◆ SUPPLIED DATA ◆
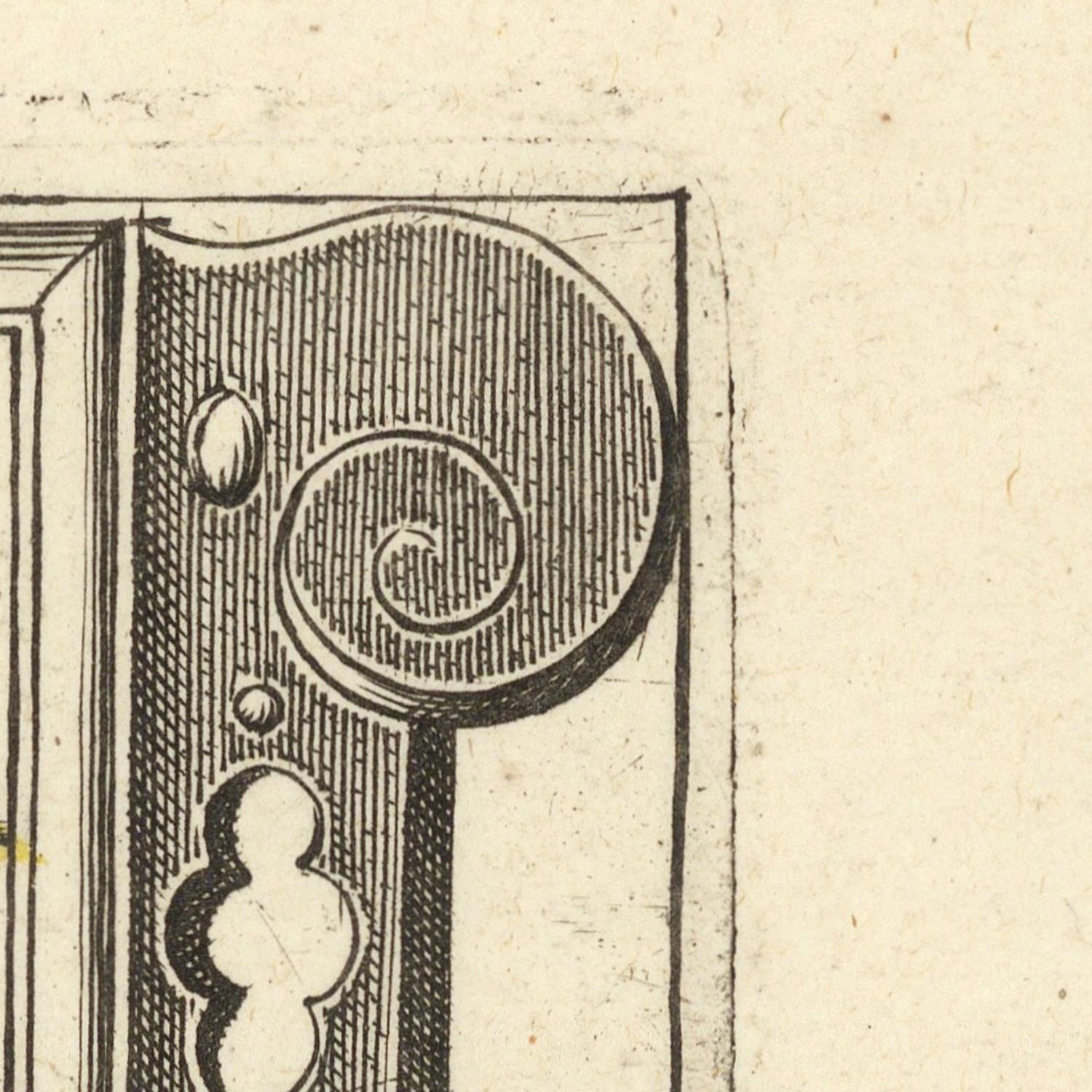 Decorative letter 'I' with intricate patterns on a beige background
...
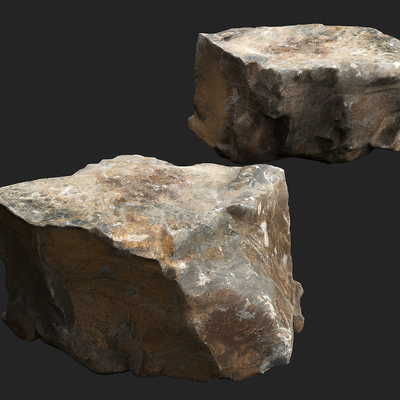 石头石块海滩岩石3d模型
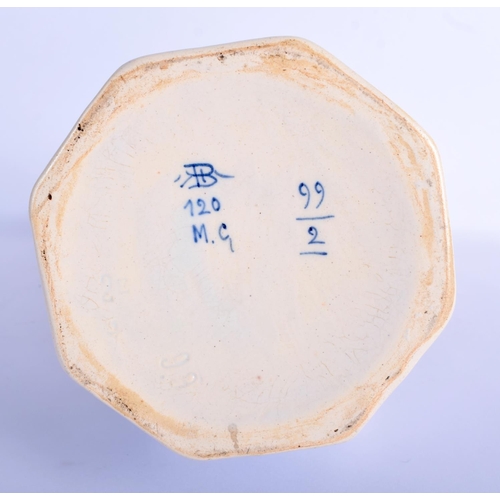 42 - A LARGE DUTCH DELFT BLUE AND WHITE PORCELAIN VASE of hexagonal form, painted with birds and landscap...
* * *
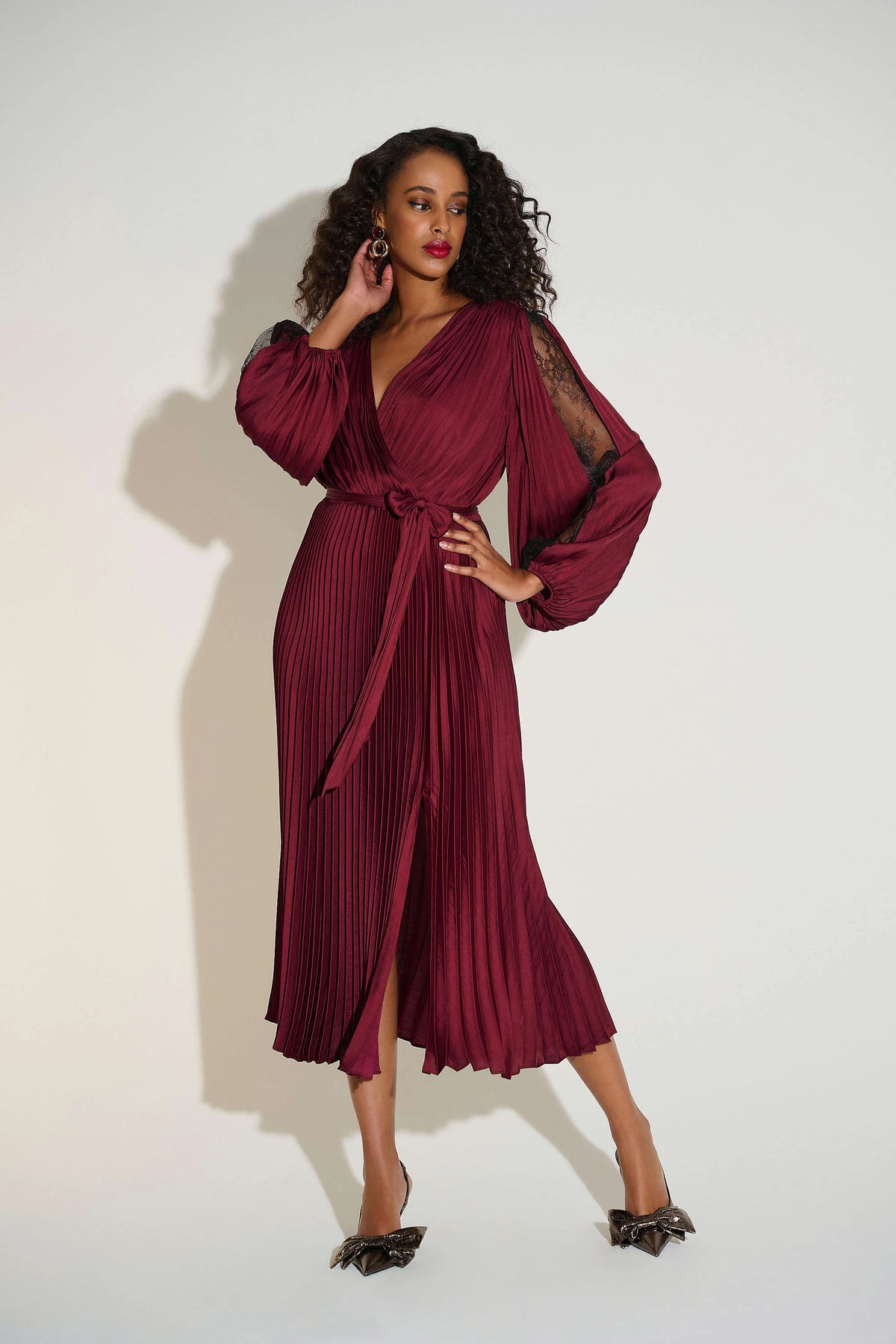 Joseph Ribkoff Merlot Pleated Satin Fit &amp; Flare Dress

◆ WHAT THIS TASK INVOLVES ◆
Going by the data above, give back only the lines from the one containing "石头石块海滩岩石3d模型" through the one containing "42 - A LARGE", exactly as they stand, both ends included and no images.

◆ WRITTEN RESPONSE ◆
 石头石块海滩岩石3d模型
 42 - A LARGE DUTCH DELFT BLUE AND WHITE PORCELAIN VASE of hexagonal form, painted with birds and landscap...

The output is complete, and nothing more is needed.